**TASK STATEMENT:** In the entries below, begin at the line with "Rayados GIF" and stop after the line with "My 40 Wholesome"; output those lines exactly and omit the pictures.
-- PROVIDED DATA follows --
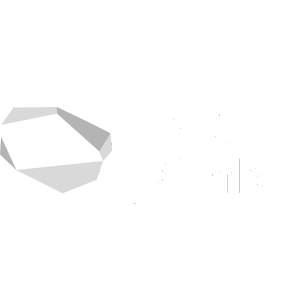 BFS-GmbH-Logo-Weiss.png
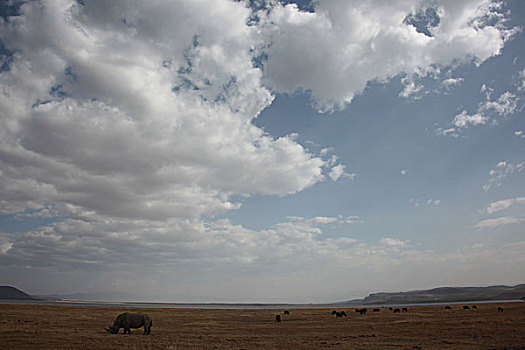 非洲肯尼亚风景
-- PROVIDED DATA concluded --
-- PROVIDED DATA follows --
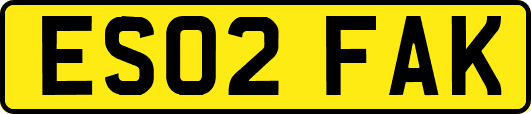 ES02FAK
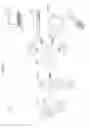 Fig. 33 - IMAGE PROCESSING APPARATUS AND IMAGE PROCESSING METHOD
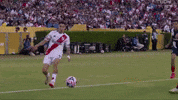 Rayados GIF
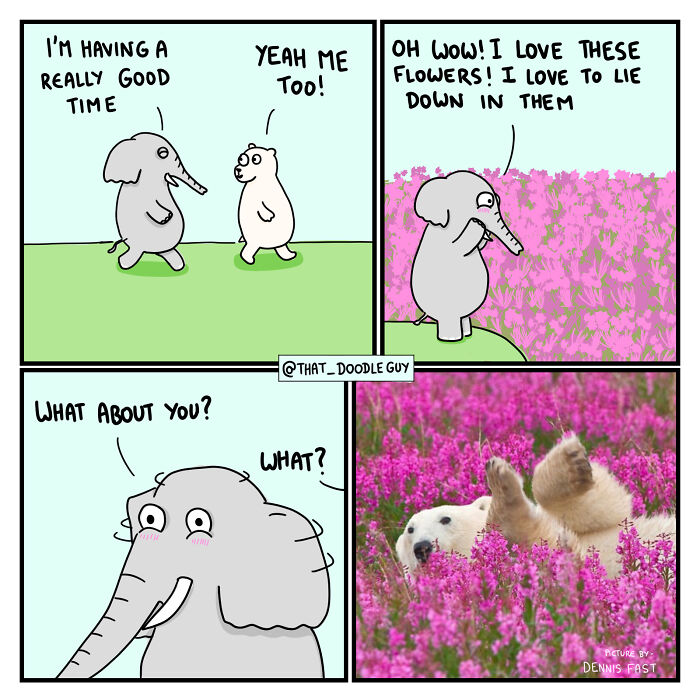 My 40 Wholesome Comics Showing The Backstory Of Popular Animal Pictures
-- PROVIDED DATA concluded --
-- PROVIDED DATA follows --
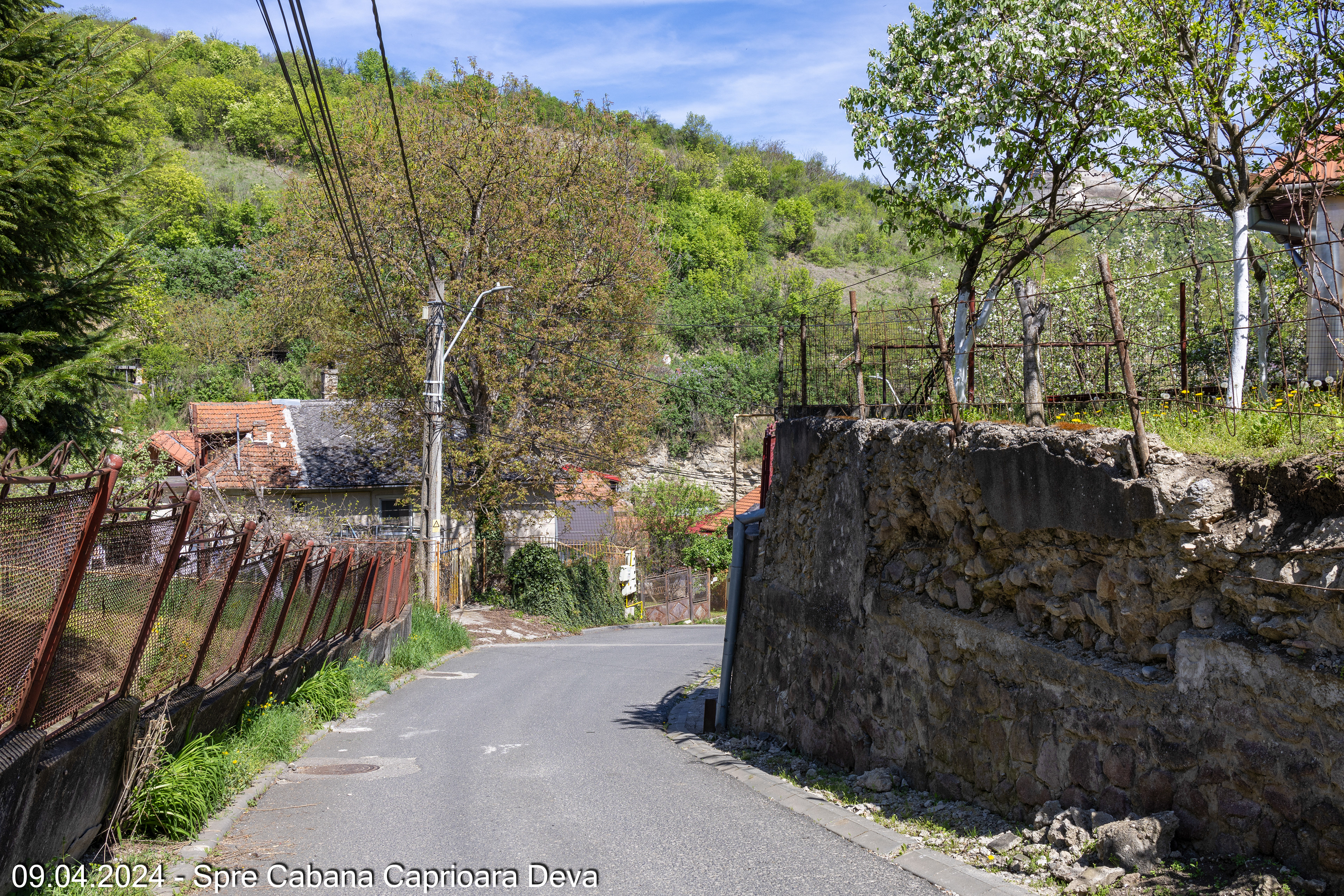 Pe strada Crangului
-- PROVIDED DATA concluded --
**RESULT FOR THIS TASK:**
 Rayados GIF
 My 40 Wholesome Comics Showing The Backstory Of Popular Animal Pictures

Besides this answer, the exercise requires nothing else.